Bocchino: Stefano rompa i rapporti con Cosentino
Generazione Italia rilancia le primarie per scegliere il candidato sindaco di Napoli per il centrodestra. «La legge elettorale e le oligarchie di partito impediscono oggi ai cittadini di partecipare attivamente alle scelte della politica. Per questo motivo a partire da lunedì 26 luglio, in occasione della prima convention dei circoli di Generazione Italia in Campania, che si terrà presso l’Hotel Ramada di Napoli a partire dalle ore 18, promuoveremo le primarie per la scelta del candidato sindaco di Napoli del Pdl». Ad annunciarlo è Enzo Rivellini, europarlamentare del Pdl. E il leader nazionale dei finiani, il direttore di Generazione Italia, Italo Bocchino, insiste: «Occorre smuovere le acque, al di là delle oligarchie, per non ritrovarci in affanno e con i soliti problemi». Quali oligarchie, i vertici del Pdl? «Occorre lavorare sul serio. Avviare una nuova fase. È necessario incominciare a dialogare con la città, al di là delle solite liturgie. Soprattutto per evitare che si arrivi all’ultimo momento nella scelta del candidato sindaco di Napoli per il centrodestra. Vediamo quali nomi verranno fuori e come la pensano i cittadini: l’indicazione che emergerà sarà significativa e importante ai fini della designazione finale». Un’iniziativa che, tuttavia, dovrebbe essere accettata da tutto il Pdl. Ma se non sarà così? « Sono state talmente tante le richieste che il Pdl, all’inizio, non voleva accettare. Ma poi le ha fatte addirittura proprie. Anche le modifiche alla legge sulle intercettazioni, sulle dimissioni di Cosentino da sottosegretario e quelle di Brancher da ministro hanno trovato resistenza. Ma poi è prevalso il buon senso. La politica vince sempre. E noi lo stiamo dimostrando con i fatti».

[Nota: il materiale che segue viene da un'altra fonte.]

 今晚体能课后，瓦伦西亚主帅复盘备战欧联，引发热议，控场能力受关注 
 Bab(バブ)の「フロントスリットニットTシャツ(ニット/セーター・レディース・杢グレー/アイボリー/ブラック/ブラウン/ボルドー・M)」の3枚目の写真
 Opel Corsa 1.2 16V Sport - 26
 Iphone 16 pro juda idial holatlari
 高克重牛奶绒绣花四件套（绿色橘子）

Il coordinatore campano del Pdl, Cosentino, in una intervista al Corriere del Mezzogiorno ha spiegato che i rapporti tra lui e Caldoro non devono essere a tutti i costi buoni sul piano personale, ma di corretta interlocuzione istituzionale. È d’accordo?
«Macché rapporti corretti. Io credo che tra Caldoro e Cosentino non vi può essere nemmeno un dialogo accennato. ma come si fa? Non dovrebbero neanche salutarsi, altro che interlocuzione istituzionale. Dopo ciò che ha fatto Cosentino ai danni di Caldoro, il presidente della giunta regionale dovrebbe interrompere, da subito, ogni rapporto».
Addirittura?
«Certo, ma che scherziamo?»
Ma Cosentino ha riferito di aver agito quasi da «infiltrato» nell’attività di dossieraggio per capire — ha detto — a quali rischi poteva essere esposta la campagna elettorale del Pdl e del suo candidato presidente.

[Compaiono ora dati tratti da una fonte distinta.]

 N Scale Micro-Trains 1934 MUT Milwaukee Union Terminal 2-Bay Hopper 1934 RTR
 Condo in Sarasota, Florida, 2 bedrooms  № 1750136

«Sì, dicono tutti così quando vengono sorpresi con il dito nella marmellata. Ma comunque sia, il rapporto tra il governatore della Campania e Cosentino rappresenta un falso problema. O un problema che sarà presto risolto».
In che senso?
«Perché, come ho avuto già modo di dire, Cosentino è un coordinatore balneare. Dopo l’estate sarà costretto a lasciare il suo posto di direzione del Pdl campano e, in quel caso, avremo finalmente un coordinatore che andrà d’accordo con Caldoro. È solo questione di tempo».
Chi sarà il nuovo coordinatore?
«Una persona che sicuramente saprà entrare in sintonia con il presidente della giunta regionale»
(di A.A. da il Corriere del Mezzogiorno)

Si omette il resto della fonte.